START Study material
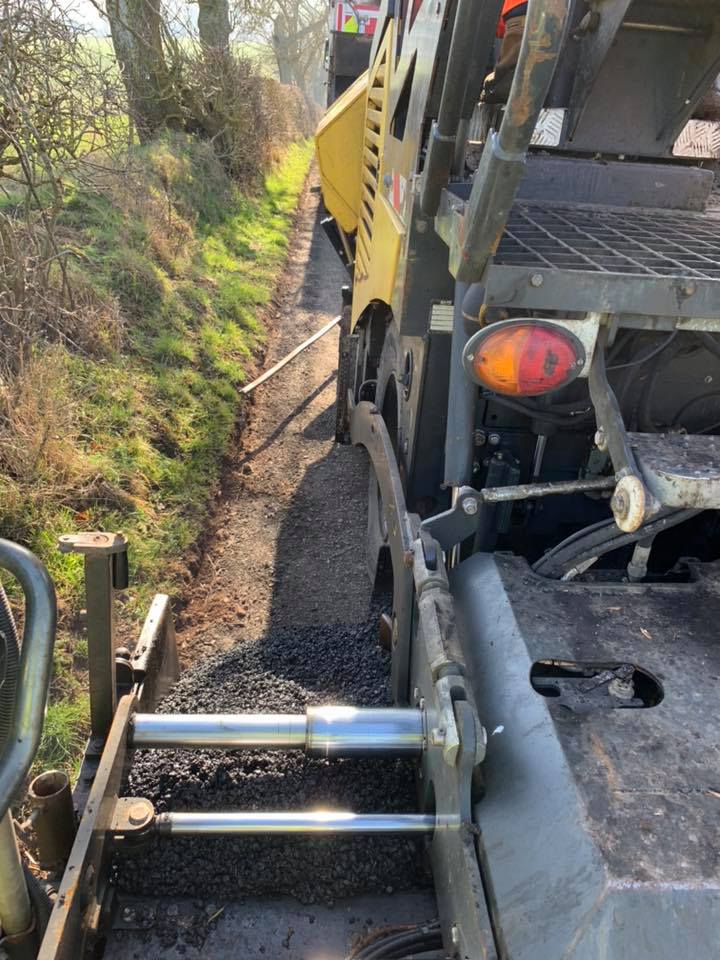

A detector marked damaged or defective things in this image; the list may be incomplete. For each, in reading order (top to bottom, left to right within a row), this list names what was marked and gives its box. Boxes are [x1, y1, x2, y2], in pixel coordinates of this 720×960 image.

paint-chipped metal surface [452, 556, 720, 960]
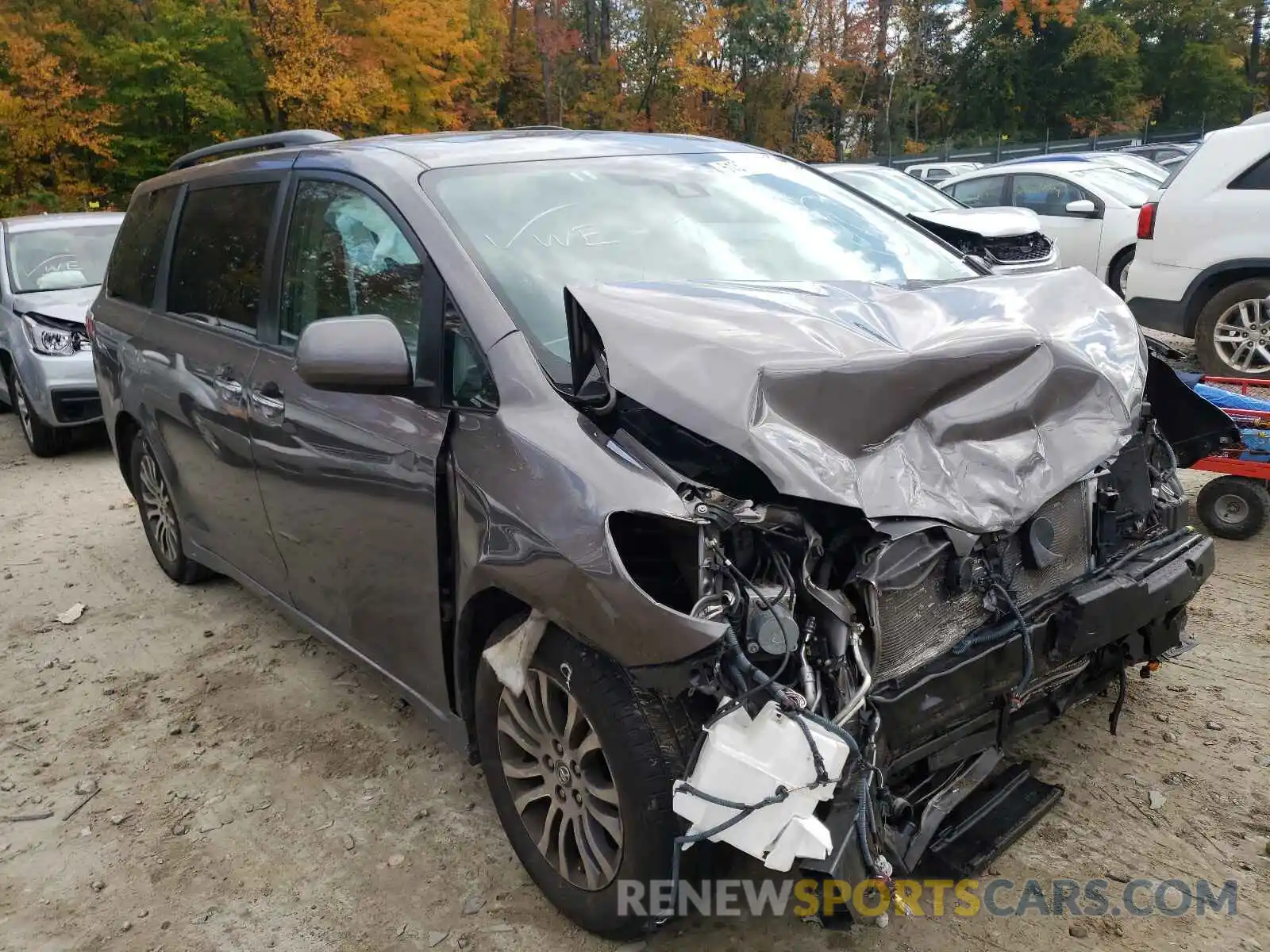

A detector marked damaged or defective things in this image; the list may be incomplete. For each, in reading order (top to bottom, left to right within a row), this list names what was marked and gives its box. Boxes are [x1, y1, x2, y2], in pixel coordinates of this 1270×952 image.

crumpled hood [11, 284, 99, 325]
damaged toyota sienna [91, 126, 1238, 939]
shattered windshield [425, 149, 972, 379]
crumpled hood [572, 268, 1143, 536]
deployed airbag [572, 268, 1143, 536]
destroyed front end [562, 270, 1238, 920]
crumpled hood [914, 206, 1041, 238]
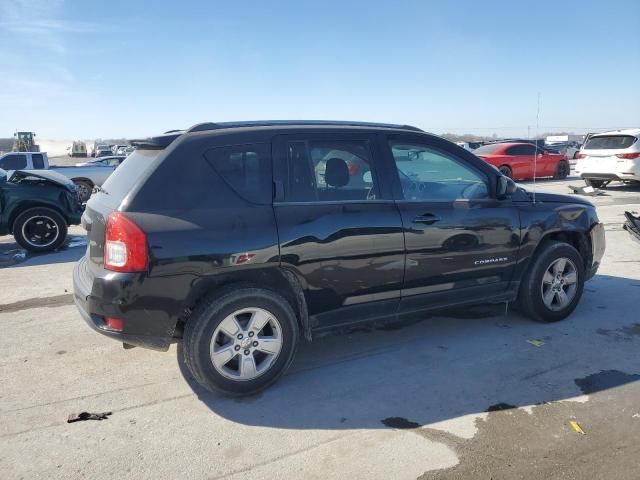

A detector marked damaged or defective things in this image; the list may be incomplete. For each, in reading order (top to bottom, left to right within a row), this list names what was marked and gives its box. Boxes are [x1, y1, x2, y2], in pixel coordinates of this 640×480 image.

damaged dark car [0, 168, 84, 251]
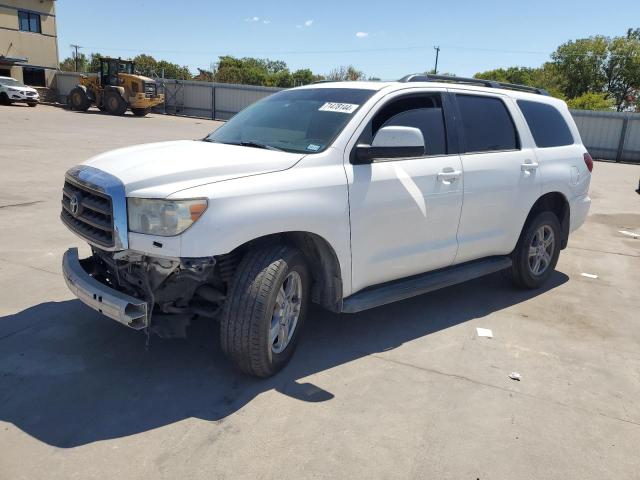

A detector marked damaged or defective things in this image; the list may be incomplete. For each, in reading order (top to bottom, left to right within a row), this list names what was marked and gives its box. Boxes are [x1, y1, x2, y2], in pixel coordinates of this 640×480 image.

cracked bumper [62, 248, 148, 330]
front end damage [62, 248, 236, 334]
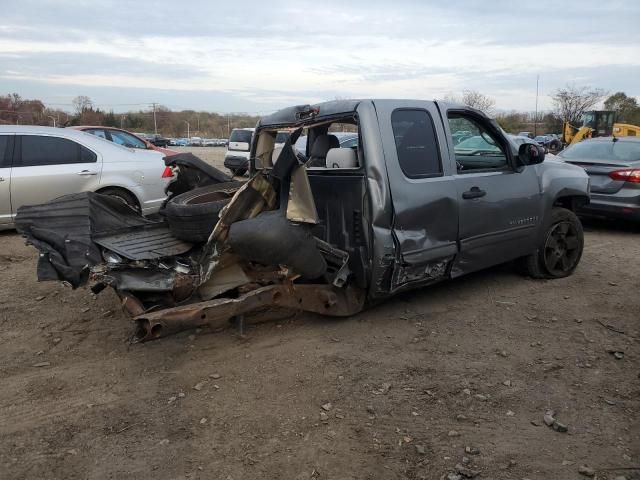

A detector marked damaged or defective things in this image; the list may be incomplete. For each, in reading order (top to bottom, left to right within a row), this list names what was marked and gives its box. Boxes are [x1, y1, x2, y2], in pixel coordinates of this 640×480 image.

wrecked gray pickup truck [15, 98, 592, 342]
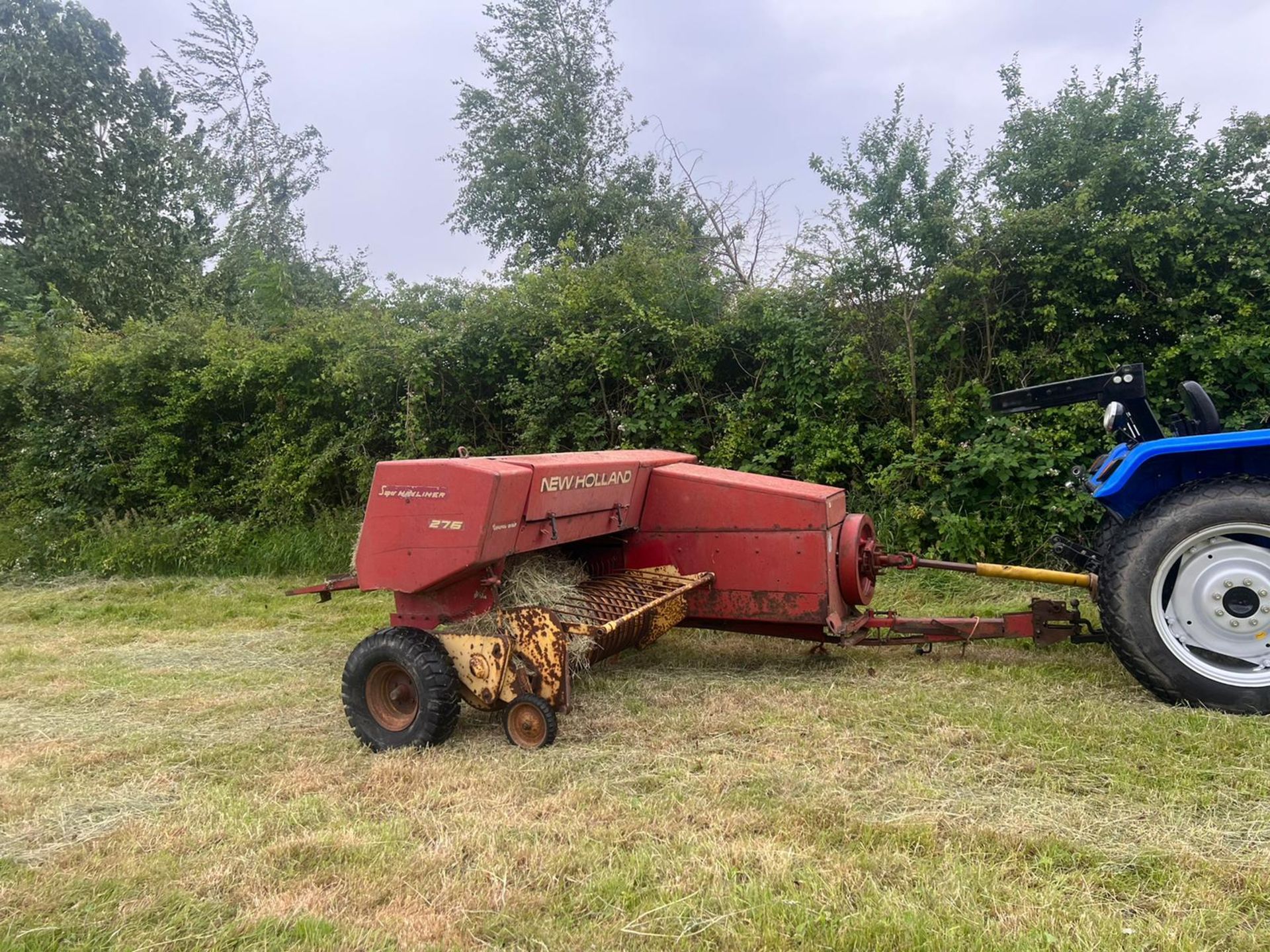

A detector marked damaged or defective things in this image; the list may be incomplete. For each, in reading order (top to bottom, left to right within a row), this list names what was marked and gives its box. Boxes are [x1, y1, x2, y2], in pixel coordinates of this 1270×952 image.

rusty wheel rim [365, 665, 419, 731]
rusty wheel rim [503, 705, 548, 751]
END Study material
Task statement: Write out the data word for word, with every picture dropped.

Your response:
A detector marked damaged or defective things in this image; the list may be incomplete. For each, in reading order (top to bottom, left to right within a row), this list names what was marked and gives its box. Boxes are [x1, y1, x2, y2], in pixel coordinates of this 720×960 image.

paint-chipped metal surface [452, 556, 720, 960]

A detector marked damaged or defective things in this image; the list may be incomplete. For each, in reading order (top to bottom, left to right within a row), this list names what was marked and gives its box. Boxes are [x1, y1, x2, y2], in pixel coordinates of this 1270×952 image.

crumpled hood [11, 284, 99, 325]
damaged toyota sienna [91, 126, 1238, 939]
shattered windshield [425, 149, 972, 379]
crumpled hood [572, 268, 1143, 536]
deployed airbag [572, 268, 1143, 536]
destroyed front end [562, 270, 1238, 920]
crumpled hood [914, 206, 1041, 238]

A detector marked damaged or defective things in this image; the list may be incomplete. For each, in reading order (top to bottom, left to right within a row), this list names what was marked and gives its box. Boxes are [x1, y1, x2, y2], in pixel coordinates of this 640×480 image.

damaged dark car [0, 168, 84, 251]

A detector marked damaged or defective things in this image; the list may be incomplete. For each, in reading order (top to bottom, left to right within a row), this list names what was marked and gives its box. Boxes are [x1, y1, x2, y2], in pixel coordinates of this 640×480 image.

cracked bumper [62, 248, 148, 330]
front end damage [62, 248, 236, 334]

A detector marked damaged or defective things in this image; the list may be incomplete. For each, in reading order (top to bottom, left to right within a row), this list names what was marked and gives its box. Boxes are [x1, y1, x2, y2], in pixel coordinates of this 640×480 image.

wrecked gray pickup truck [15, 98, 592, 342]

A detector marked damaged or defective things in this image; the list may be incomplete. For each, in reading order (top to bottom, left to right within a row), this list names what was marked and gives its box. Boxes are [x1, y1, x2, y2], in pixel coordinates of this 1270×952 image.

rusty wheel rim [365, 665, 419, 731]
rusty wheel rim [503, 705, 548, 751]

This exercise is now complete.